人々の健康とフィットネスの旅に関して、小さく始め、小さな勝利を祝うことが多く語られる。サミットも選手やチームに関して、このことをよく理解していた。成功は正しい決定を1つ行うことから、ビッグゲームでの勝率を高めるまでのあらゆることに見出せる。これは実際に負けている、あるいは失敗している間でも、物事を学び、達成できることを意味している。現実の生活にも適用できる。1つの巨大な目標は多くの段階を経て達成されるが、後退は最終的な目標達成を不可能にはしない。

8. 誰もが助けを必要としている

「チームワークはまさしく信頼の1形態だ。1人でやっていけるという間違った考えを放棄し、個人的な目標を仲間の支援なしには達成できないと認識したときに、チームワークが発生する」。

この箇所については、サミットの言葉がすべてを語っている。他者の支援には、仲間入りすること、現実の支援、あるいは声援すらあり得る。その他者の支援なしでは、ハードワークと天賦のスキルや長所によって到達できる地点はたかが知れている。お互いを必要としていることを、またそのように望んでいることを、認めよ。先に述べたような支援システムは挑戦を克服しやすいものに変えてくれる。

9. 変化を恐れてはならない

「何事につけても変化を試してみる意欲こそが成功にもっとも必要な栄養分だ」。

スポーツは別のものを試すには最適な場だ。サミットはときに別の選手で試合を始め、ディフェンスを替え、新たなプレーをデザインする。こうした変更は、かなり速やかに成功か失敗かの具体的な証拠を示してくれる。サミットは考え続け、進化を続ける。選手や相手チームは注意を怠ることができない。新しいことを試み、選手に変更が必ず行われると準備させることになるこの意欲によって、サミットにはバスケットボールコートでの成功がもたらされ、選手には人生で実際にやってくるものへの準備となった。変更の一部は選択されたものだが、大部分はそうではない。それは一切の違いをもたらす変更を取り扱う方法だ。

10. 勝利だけがすべてではない

「敗戦には愛憎関係を抱いています。敗戦が自分にもたらす感情(それは基本的にはむかつきですが)は嫌いです。しかし、敗戦が明らかにするものについては好きです」。
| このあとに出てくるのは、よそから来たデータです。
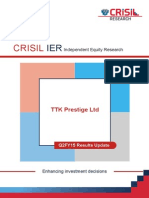 CRISIL Research Ier Report TTK Prestige 2014 Q2FY15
本当に勝利がすべてではない。敗戦から多くのことを学ぶことができ、再評価を余儀なくされ、それによって多くの場合にグループはよりいっそう一体化する。サミットがどれだけ競争好きだったとしても、これはすべての人に当てはまることだとよく語っていた。確かにサミットは勝利を望んでいた。そのために最善を尽くし、各選手にも最善を尽くさせた。しかし、そのような経験や共に励みながら作り出した関係こそが真の報酬だった。